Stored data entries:
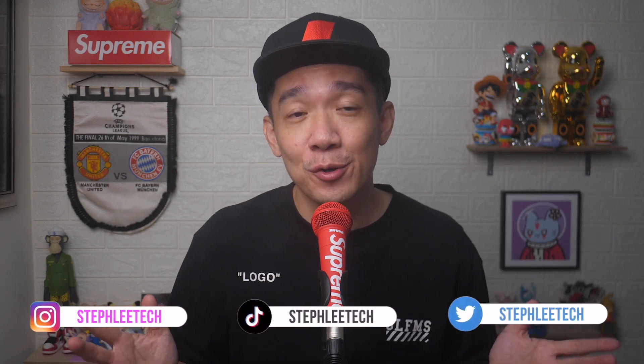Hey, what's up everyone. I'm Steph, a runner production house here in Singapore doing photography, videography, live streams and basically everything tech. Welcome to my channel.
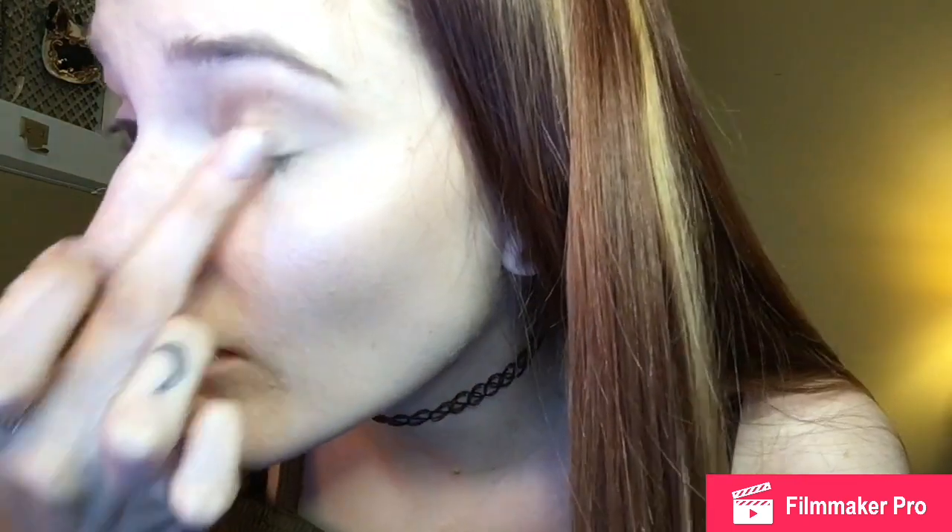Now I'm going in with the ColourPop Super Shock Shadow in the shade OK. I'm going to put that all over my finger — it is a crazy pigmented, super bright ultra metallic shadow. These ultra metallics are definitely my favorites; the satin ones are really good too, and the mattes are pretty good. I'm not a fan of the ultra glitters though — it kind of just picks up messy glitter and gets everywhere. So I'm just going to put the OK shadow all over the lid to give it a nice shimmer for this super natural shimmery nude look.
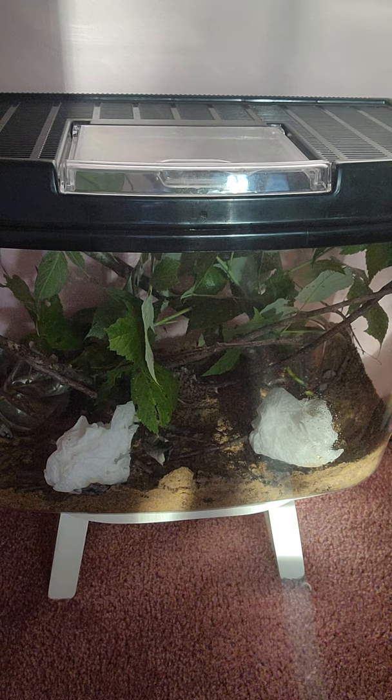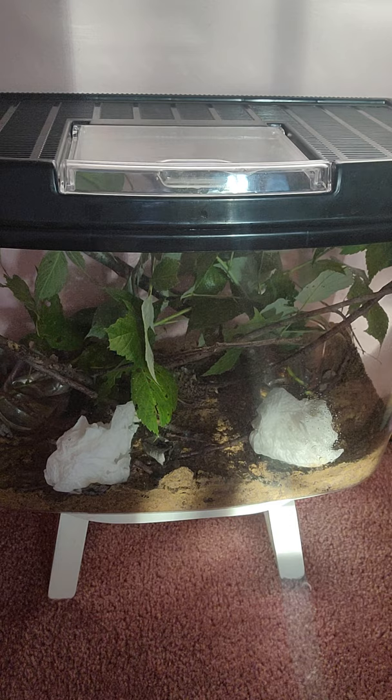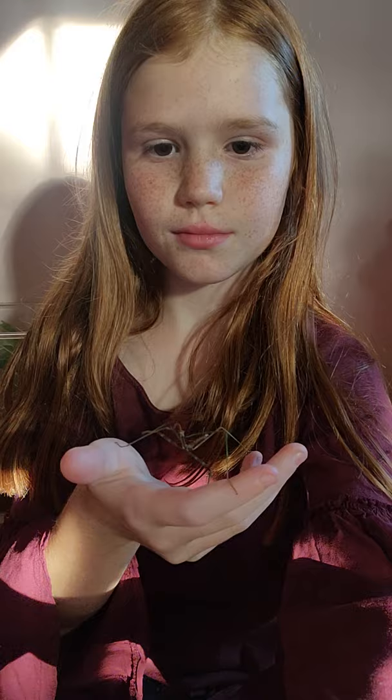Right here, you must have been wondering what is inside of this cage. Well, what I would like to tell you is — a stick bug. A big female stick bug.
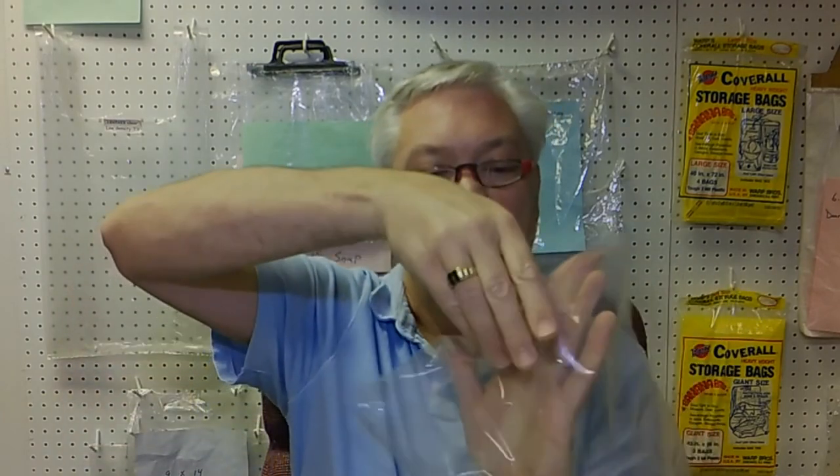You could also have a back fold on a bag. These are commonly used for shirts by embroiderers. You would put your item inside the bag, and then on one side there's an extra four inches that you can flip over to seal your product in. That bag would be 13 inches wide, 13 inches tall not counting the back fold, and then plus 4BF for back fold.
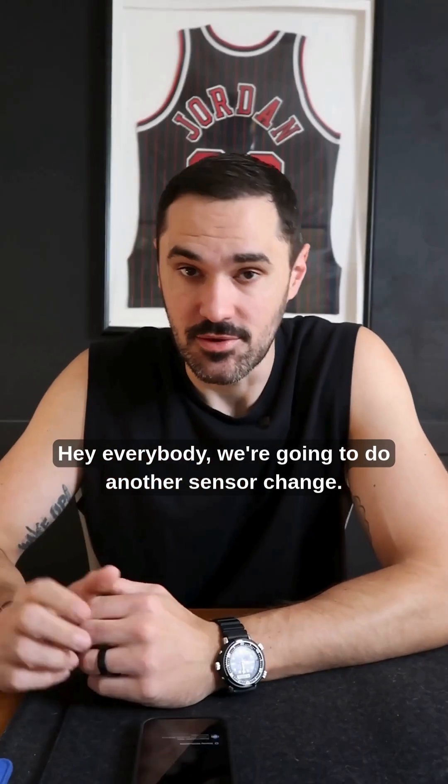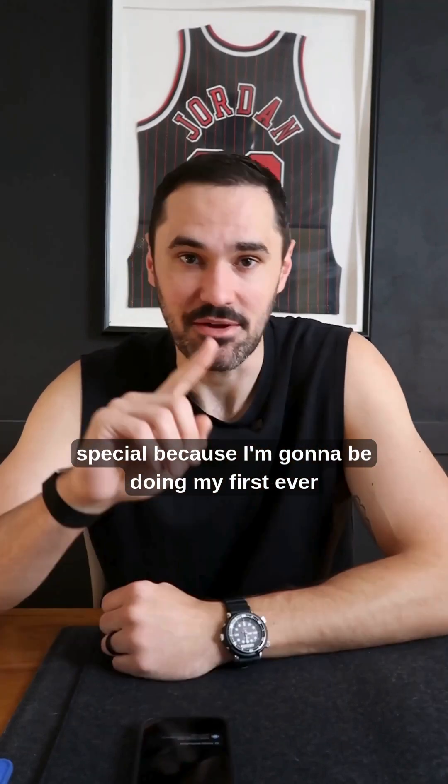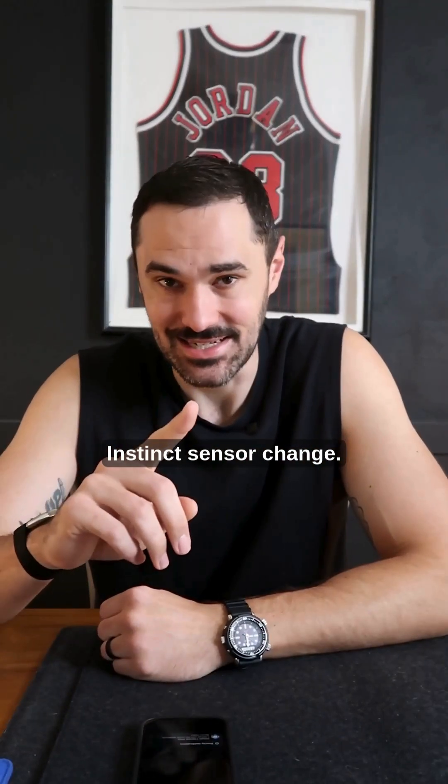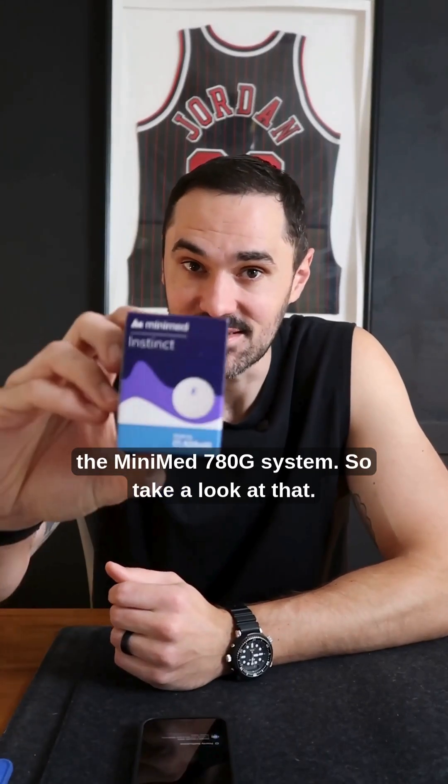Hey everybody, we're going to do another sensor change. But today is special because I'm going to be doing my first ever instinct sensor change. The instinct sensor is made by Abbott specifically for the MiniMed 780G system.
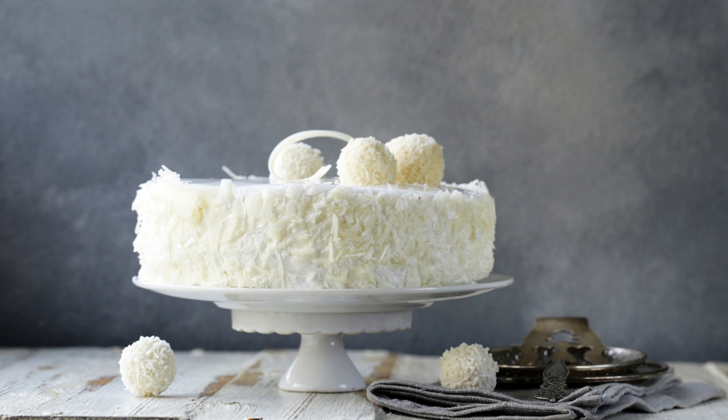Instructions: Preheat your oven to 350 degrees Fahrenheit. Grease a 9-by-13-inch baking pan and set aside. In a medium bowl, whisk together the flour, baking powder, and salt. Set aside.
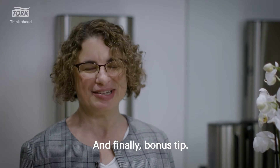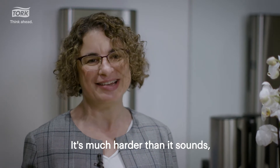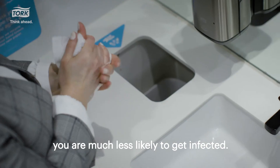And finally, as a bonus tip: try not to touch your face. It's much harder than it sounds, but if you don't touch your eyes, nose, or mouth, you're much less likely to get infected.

What the exercise asks:
Leave every picture out, and repeat exactly the lines from the one containing "You could also" through the last line of the entries, both ends included.

Task result:
You could also have a back fold on a bag. These are commonly used for shirts by embroiderers. You would put your item inside the bag, and then on one side there's an extra four inches that you can flip over to seal your product in. That bag would be 13 inches wide, 13 inches tall not counting the back fold, and then plus 4BF for back fold.
Hey everybody, we're going to do another sensor change. But today is special because I'm going to be doing my first ever instinct sensor change. The instinct sensor is made by Abbott specifically for the MiniMed 780G system.
Instructions: Preheat your oven to 350 degrees Fahrenheit. Grease a 9-by-13-inch baking pan and set aside. In a medium bowl, whisk together the flour, baking powder, and salt. Set aside.
And finally, as a bonus tip: try not to touch your face. It's much harder than it sounds, but if you don't touch your eyes, nose, or mouth, you're much less likely to get infected.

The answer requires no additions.